Exercise brief
Please output the line containing "148 Swan Lake Drive Melrose FL 32666" and all lines that follow it in the data below, exactly, with no pictures.
Input data below:
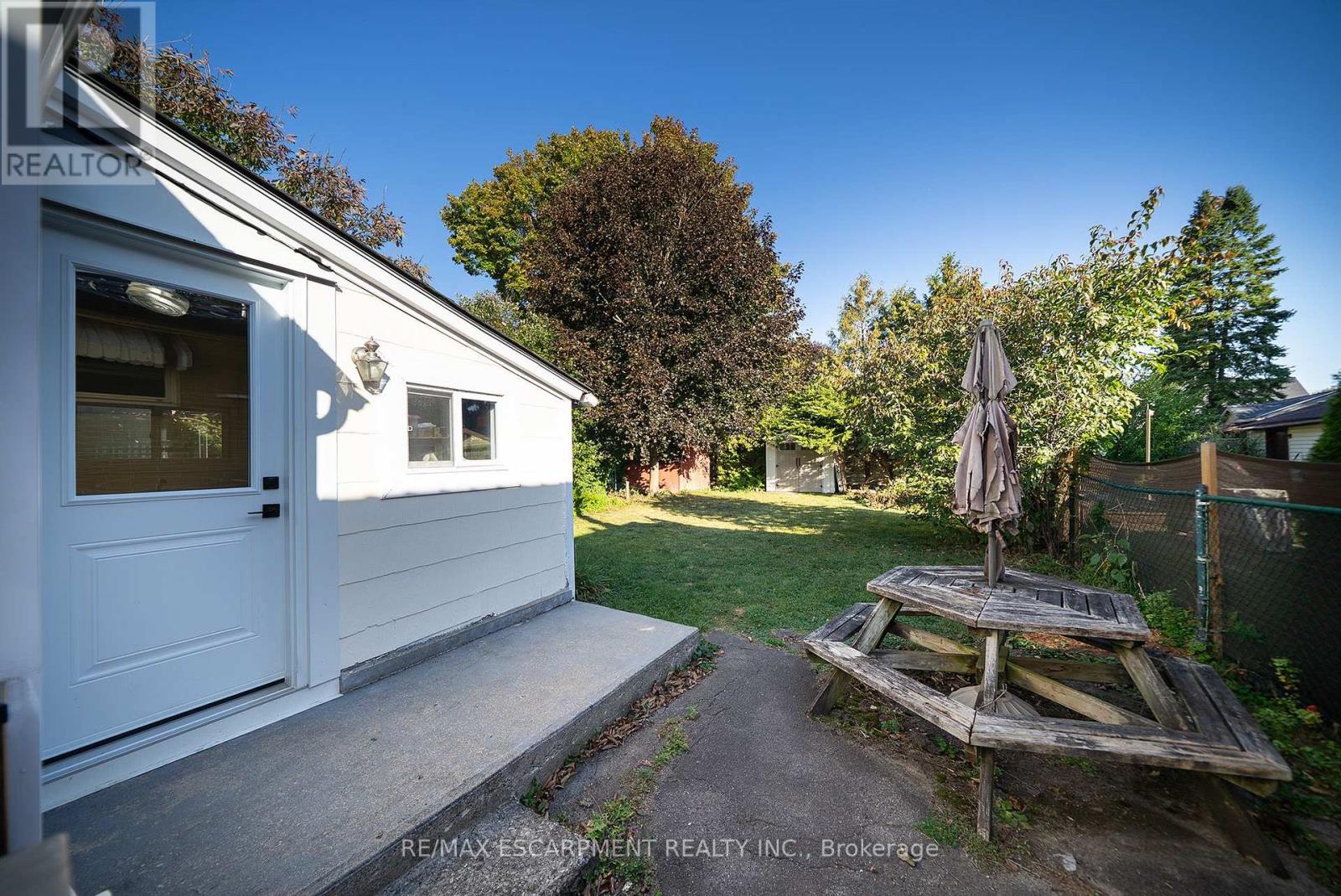 89 Salisbury Avenue Property Photo 21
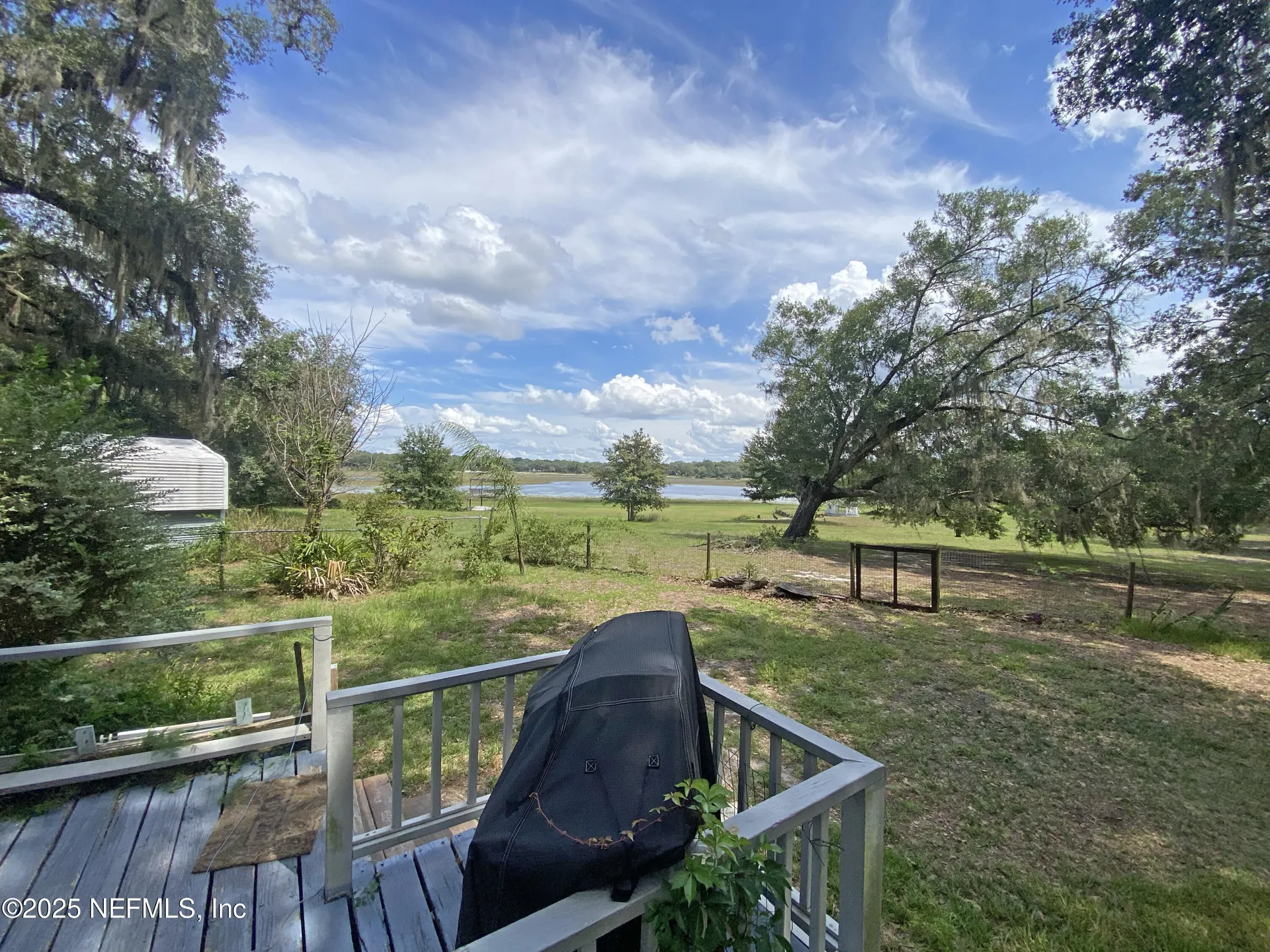 148 Swan Lake Drive Melrose FL 32666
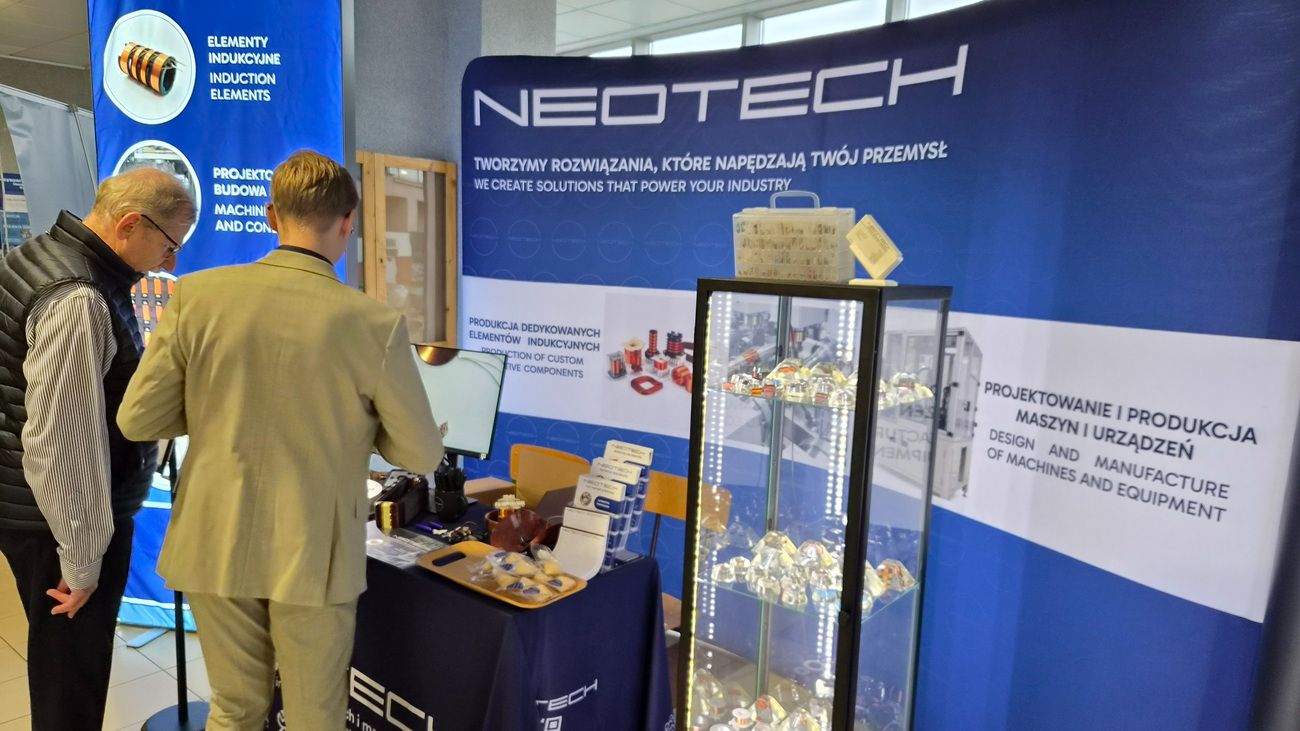 NEOTECH na II Pikniku Integracyjnym Wydziału Elektrycznego Politechniki Białostockiej – spotkania, rozmowy i wspieranie przyszłych talentów technicznych. Przedstawiciele firmy NEOTECH podczas II Pikniku Integracyjnego Wydziału Elektrycznego Politechniki Białostockiej. Stoisko NEOTECH podczas pikniku integracyjnego na Wydziale Elektrycznym Politechniki Białostockiej. Spotkanie przedstawicieli NEOTECH ze studentami Politechniki Białostockiej podczas wydarzenia.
End of Input data.
Exercise response
 148 Swan Lake Drive Melrose FL 32666
 NEOTECH na II Pikniku Integracyjnym Wydziału Elektrycznego Politechniki Białostockiej – spotkania, rozmowy i wspieranie przyszłych talentów technicznych. Przedstawiciele firmy NEOTECH podczas II Pikniku Integracyjnego Wydziału Elektrycznego Politechniki Białostockiej. Stoisko NEOTECH podczas pikniku integracyjnego na Wydziale Elektrycznym Politechniki Białostockiej. Spotkanie przedstawicieli NEOTECH ze studentami Politechniki Białostockiej podczas wydarzenia.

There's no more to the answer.